Le monde tel qu’il va : de plus en plus riche et de plus en plus inégal

Publié le par Michael Robert sur le site Avanti

Le monde tel qu’il va : de plus en plus riche et de plus en plus inégal

Insistons bien sur le fait que nous ne parlons pas ici d’un revenu annuel mais bien de la "richesse" accumulée par un ménage (c’est-à-dire les actifs immobiliers et financiers, comme les avoirs, actions et liquidités en banque).

Mais ces 100.000 dollars (soit 73.000 euros) ne représentent pas nécessairement une somme extraordinaire si vous possédez une maison non hypothéquée dans n’importe quel pays du G7. Donc des dizaines de millions de gens, particulièrement aux Etats-Unis et en Grande-Bretagne, se retrouvent ainsi dans le "Top 10%" des détenteurs de la richesse mondiale [sans être pour autant des "riches" dans leur pays - NdT]. Ces chiffres montrent surtout à quel point la grande majorité des adultes dans le monde disposent de peu : les deux-tiers sont en-dessous de la barre des 10.000 dollars (7.300 euros) de richesse par ménage. En d’autres termes, 3,2 milliards d’adultes ne possèdent pratiquement rien du tout.

À l’autre extrémité du spectre, 32 millions de gens possèdent à eux seuls une richesse globale de 98 trillions [1] de dollars (soit 41% de toute la richesse des ménages), disposant chacun de plus de 1 million de dollars (730.000 euros). Et 98.700 personnes "à valeur nette très élevée" disposent chacune de plus de 50 millions de dollars (36,5 millions d’euros) et, parmi celles-ci, 33.900 possèdent chacune plus de 100 millions de dollars (73 millions d’euros). La moitié de ces super-riches vivent aux États-Unis.

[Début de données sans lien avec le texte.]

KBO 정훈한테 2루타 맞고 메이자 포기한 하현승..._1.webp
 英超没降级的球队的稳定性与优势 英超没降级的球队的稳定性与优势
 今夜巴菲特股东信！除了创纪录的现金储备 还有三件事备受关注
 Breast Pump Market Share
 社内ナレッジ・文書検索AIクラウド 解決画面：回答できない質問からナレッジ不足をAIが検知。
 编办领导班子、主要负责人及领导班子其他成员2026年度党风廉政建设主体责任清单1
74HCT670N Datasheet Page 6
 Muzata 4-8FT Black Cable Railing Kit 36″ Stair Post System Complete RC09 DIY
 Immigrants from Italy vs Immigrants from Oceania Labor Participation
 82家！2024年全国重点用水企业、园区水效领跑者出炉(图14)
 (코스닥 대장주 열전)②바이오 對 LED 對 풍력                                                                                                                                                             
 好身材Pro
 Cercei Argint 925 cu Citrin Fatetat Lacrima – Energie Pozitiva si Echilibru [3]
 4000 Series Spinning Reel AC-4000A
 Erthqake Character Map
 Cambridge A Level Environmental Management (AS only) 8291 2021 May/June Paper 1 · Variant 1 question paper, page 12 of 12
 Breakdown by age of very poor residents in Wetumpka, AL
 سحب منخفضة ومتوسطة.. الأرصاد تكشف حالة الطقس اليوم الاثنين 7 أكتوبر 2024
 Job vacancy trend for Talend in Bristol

Tout ceci se trouve dans un nouveau rapport sur la richesse mondiale qui a été rédigé par les professeurs Anthony Shorrocks et Jim Davies et publié par la banque du Crédit Suisse. Ces professeurs constatent que la richesse mondiale a atteint un nouveau niveau record de 241 trillions de dollars, une somme en hausse de 4,9% depuis l’année dernière, les Etats-unis prenant à leur compte l’essentiel de cette augmentation. La richesse moyenne a atteint un nouveau pic de 51.600 dollars (37.700 euros) par adulte, mais la répartition de cette richesse est follement inégale.

En un sens, Il n’y a rien de nouveau dans ce rapport parce que Tony Shorrocks avait déjà publié un rapport pour l’ONU en 2010 où l’on trouve pratiquement la même inégalité dans la répartition de la richesse et Branko Milanovic avait également trouvé des chiffres similaires dans diverses études de la Banque mondiale. Mais ce qui est intéressant dans ce nouveau rapport, c’est que le professeur Shorrocks constate qu’il y n’y a peu ou pas de mobilité sociale entre riches et pauvres au fil des générations - 87% des gens restent riches ou pauvres, ne se déplaçant que très légèrement vers le haut ou vers le bas de la pyramide des richesses.

Cette inégalité se reflète dans chaque pays. Ainsi, en Grande-Bretagne, la richesse totale globale (en y incluant l’épargne-pension privée, mais pas les pensions de l’Etat) de l’ensemble des ménages privés en Grande-Bretagne était de 12,15 trillion d’euros. Les 10% les plus aisés des ménages étaient 4,4 fois plus riches que l’ensemble des 50% les moins aisés. Les 20% les plus riches possédaient 62% de la richesse totale des ménages.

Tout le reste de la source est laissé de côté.